REQUIRED WORK - Quote exactly the lines from the one with "Uma mesa e 8 cadeiras." to the end of the data, both included; omit the pictures.

┄┄┄┄┄┄

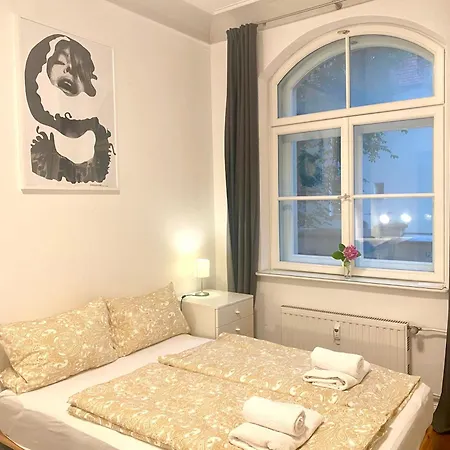 In Der Maxvorstadt Mit Gemeinschaftsbad Münih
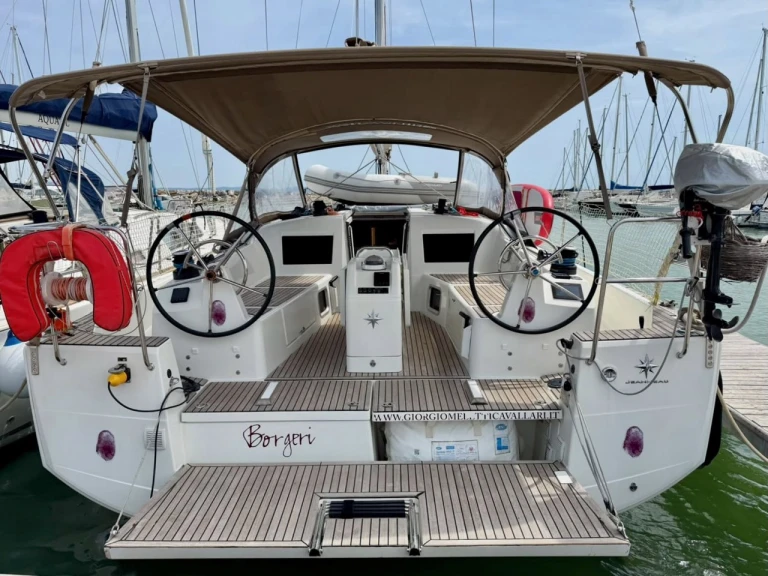 Sailboat for rent Cecina at the best price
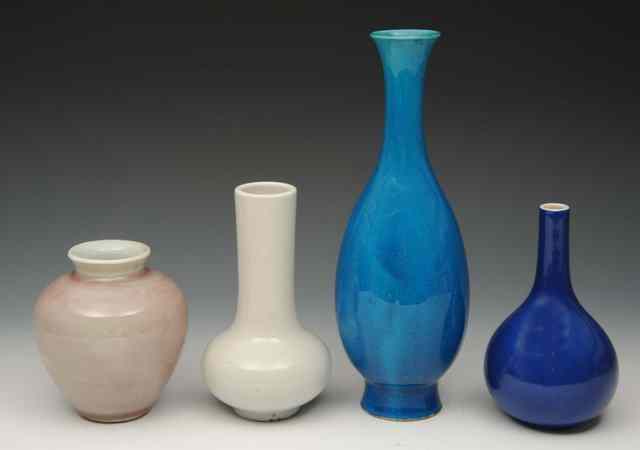 Appraisal: A CHINESE BLUE PEAR SHAPED VASE th Century a Japanese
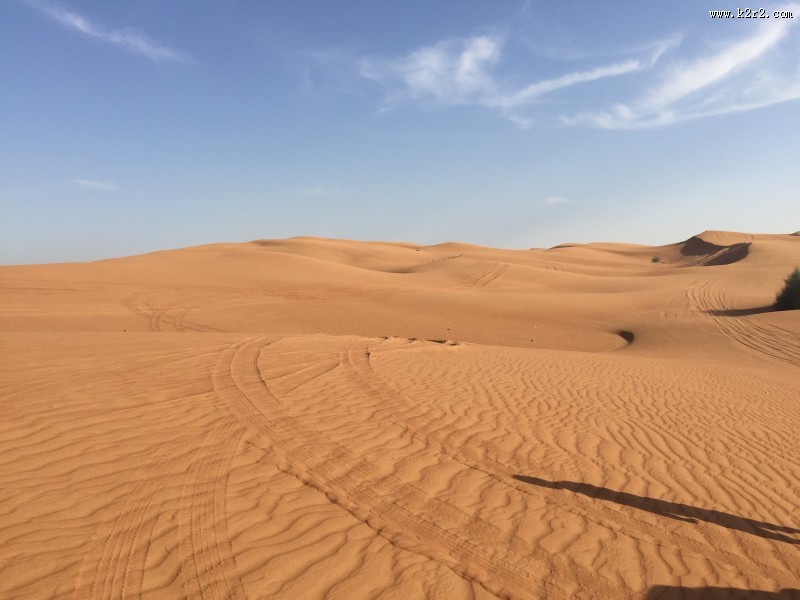 干旱的沙漠图片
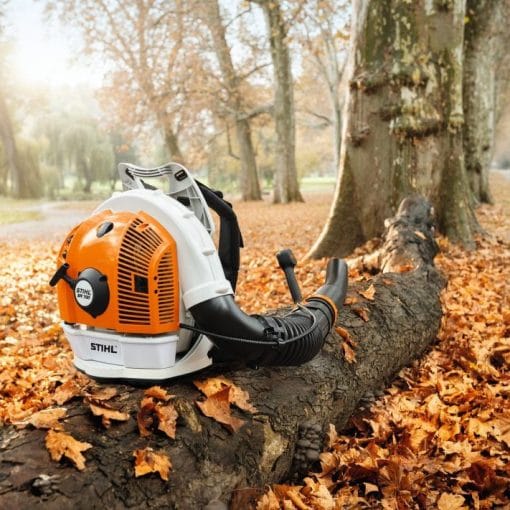 Suflantă pe benzină BR 700, purtabila pe spate, Stihl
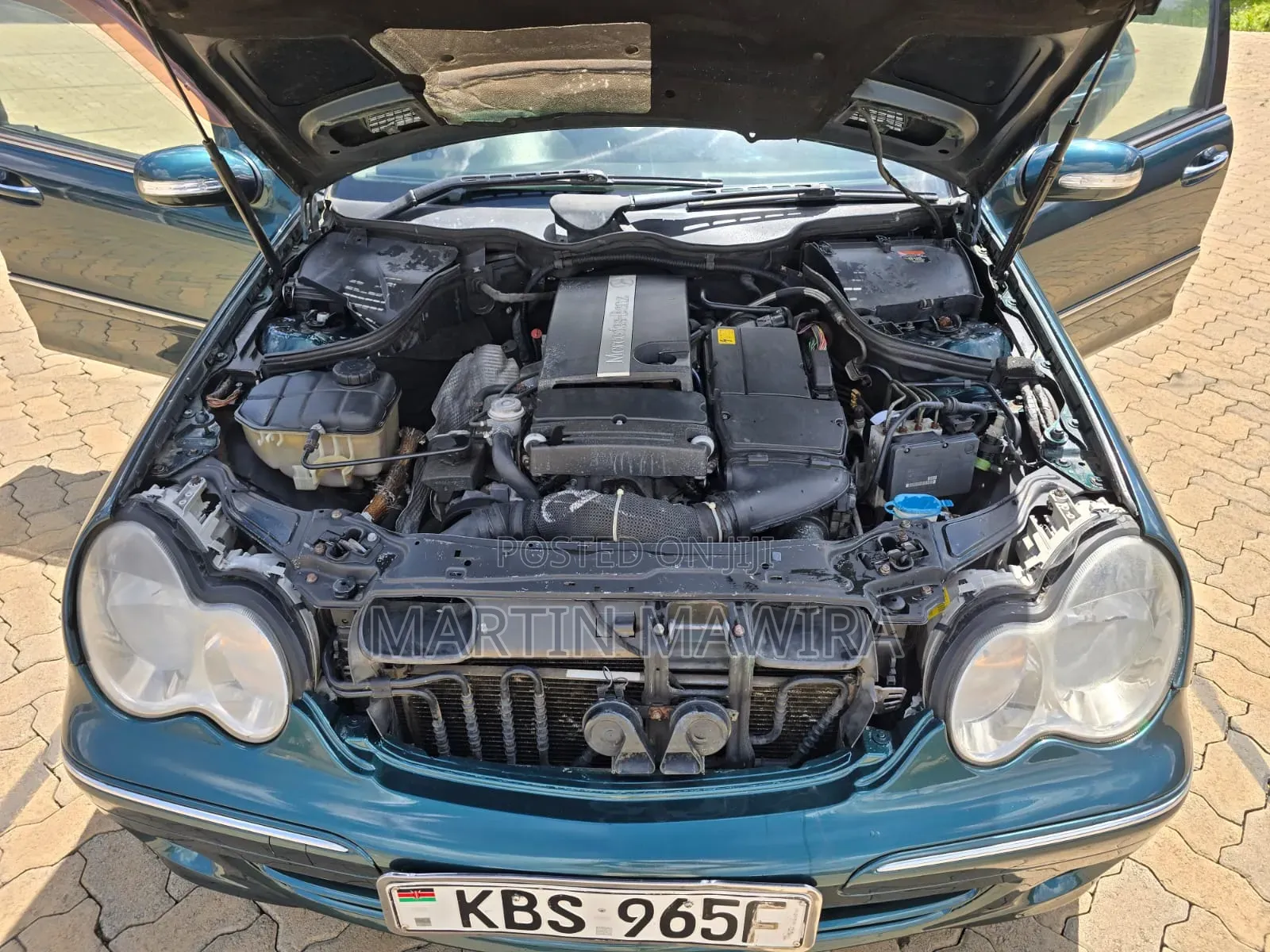 Mercedes-Benz C200 2005 Green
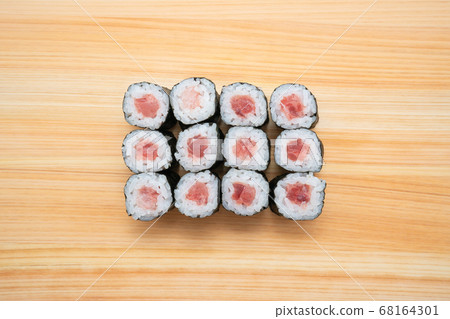 Tuna roll with tuna 68164301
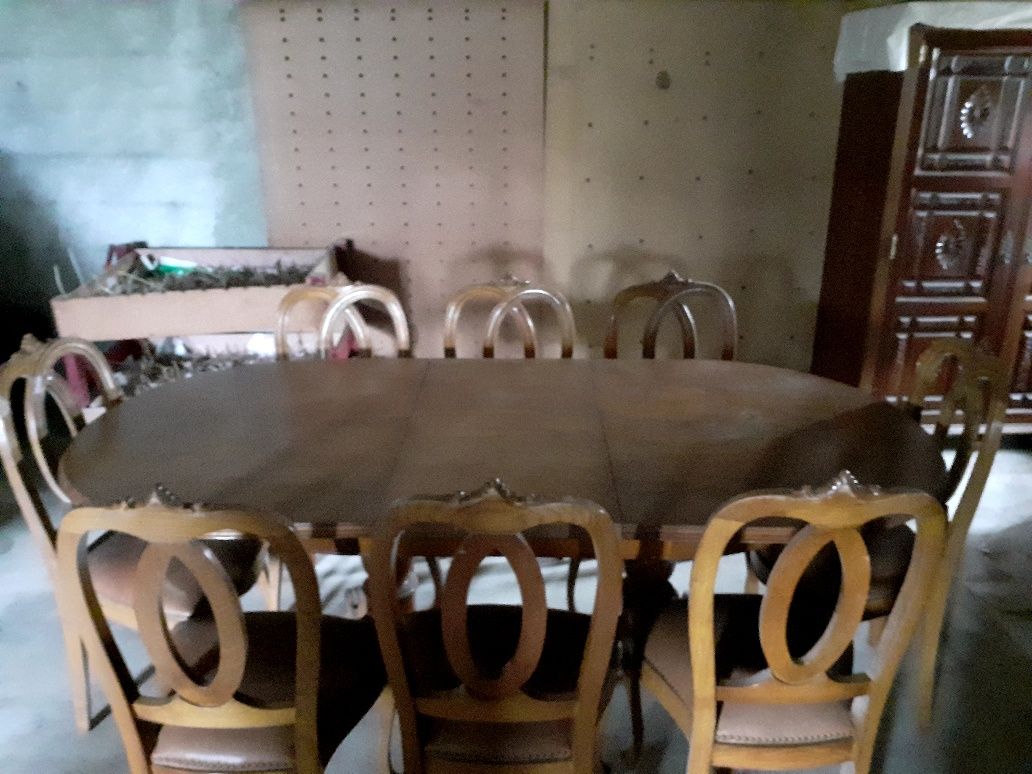 Uma mesa e 8 cadeiras.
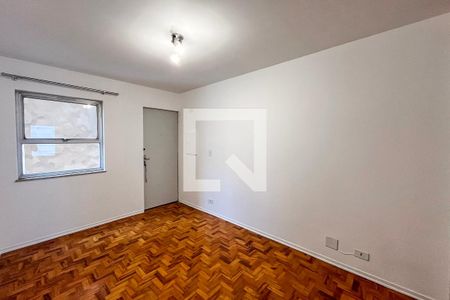 Sala de apartamento para alugar com 2 quartos, 51700m² em Paraíso, São Paulo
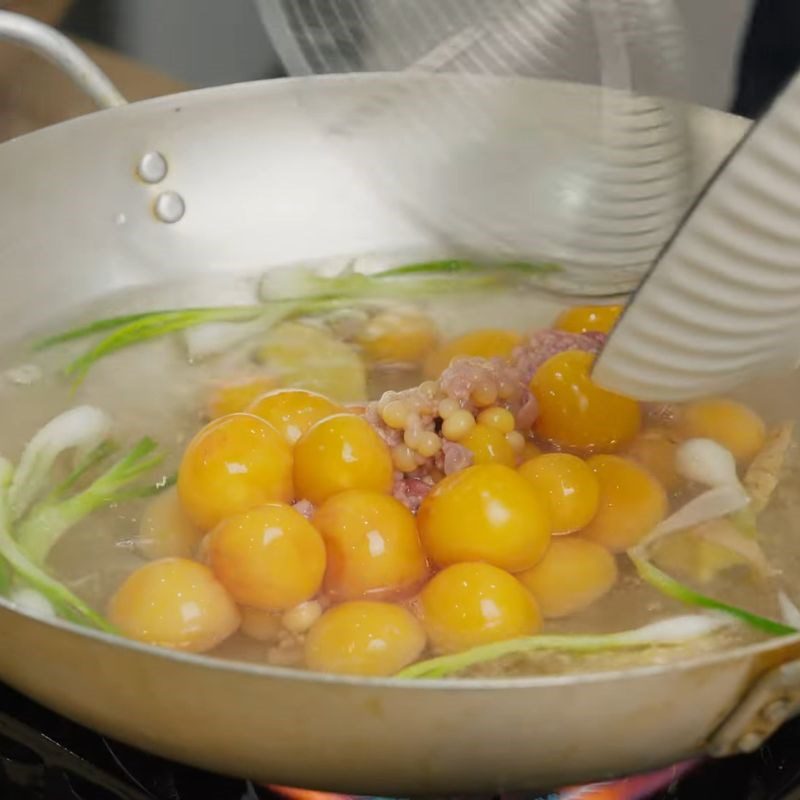 Step 4 Blanch the quail eggs Soft-boiled quail eggs stir-fried with mushrooms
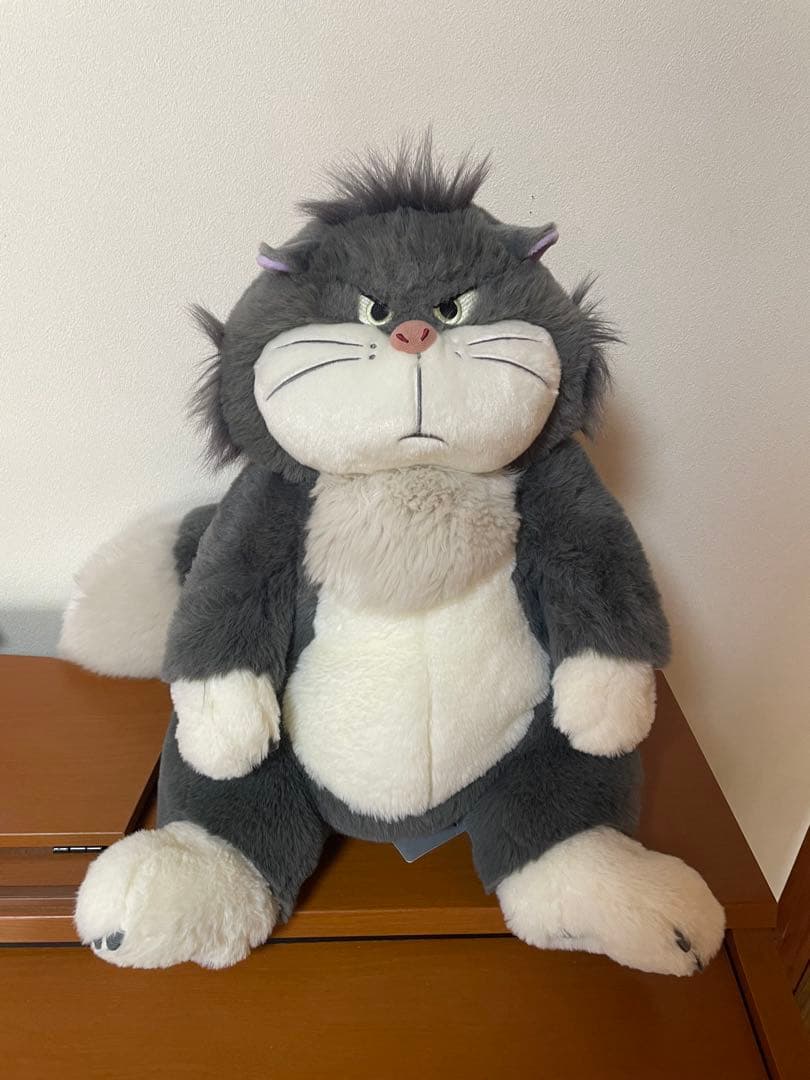 ルシファー ディズニーストア ぬいぐるみ
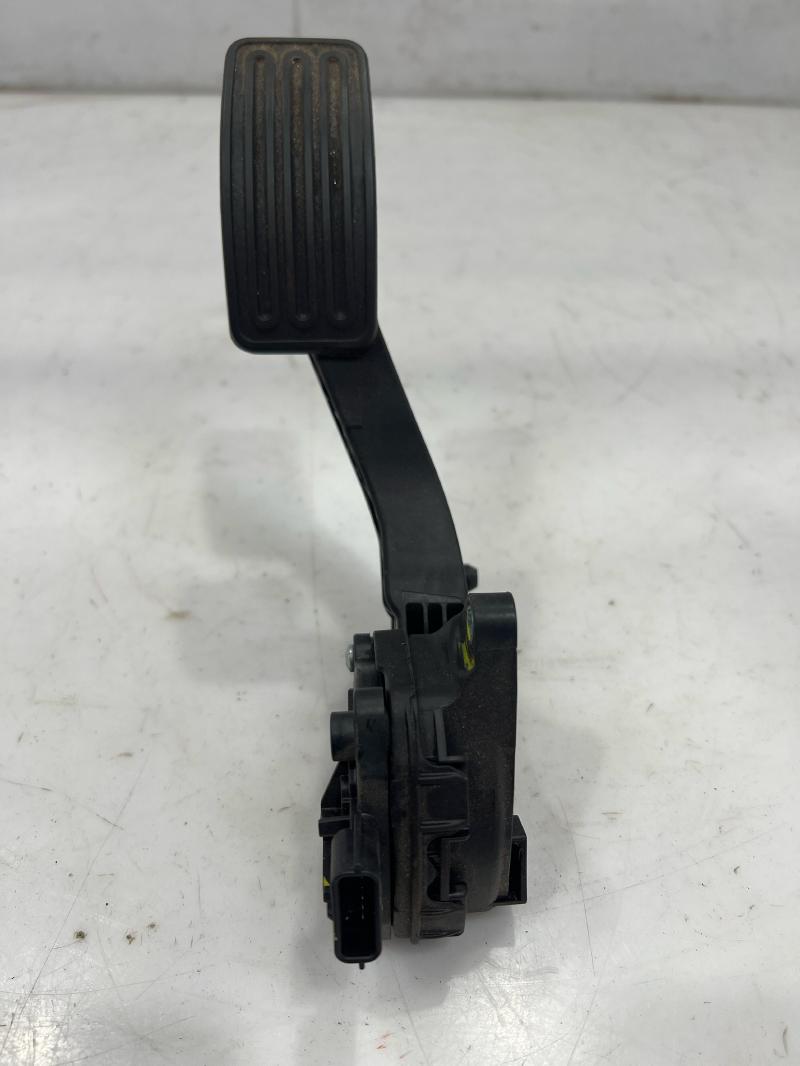 2013 - 2018 Nissan Altima Accelerator Pedal Assembly OEM 180023TA0B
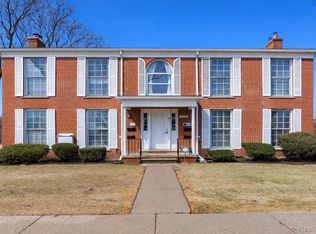 20210 Vernier Rd #B, Harper Woods, MI 48225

┄┄┄┄┄┄

OUTPUT FOR THIS TASK -
 Uma mesa e 8 cadeiras.
 Sala de apartamento para alugar com 2 quartos, 51700m² em Paraíso, São Paulo
 Step 4 Blanch the quail eggs Soft-boiled quail eggs stir-fried with mushrooms
 ルシファー ディズニーストア ぬいぐるみ
 2013 - 2018 Nissan Altima Accelerator Pedal Assembly OEM 180023TA0B
 20210 Vernier Rd #B, Harper Woods, MI 48225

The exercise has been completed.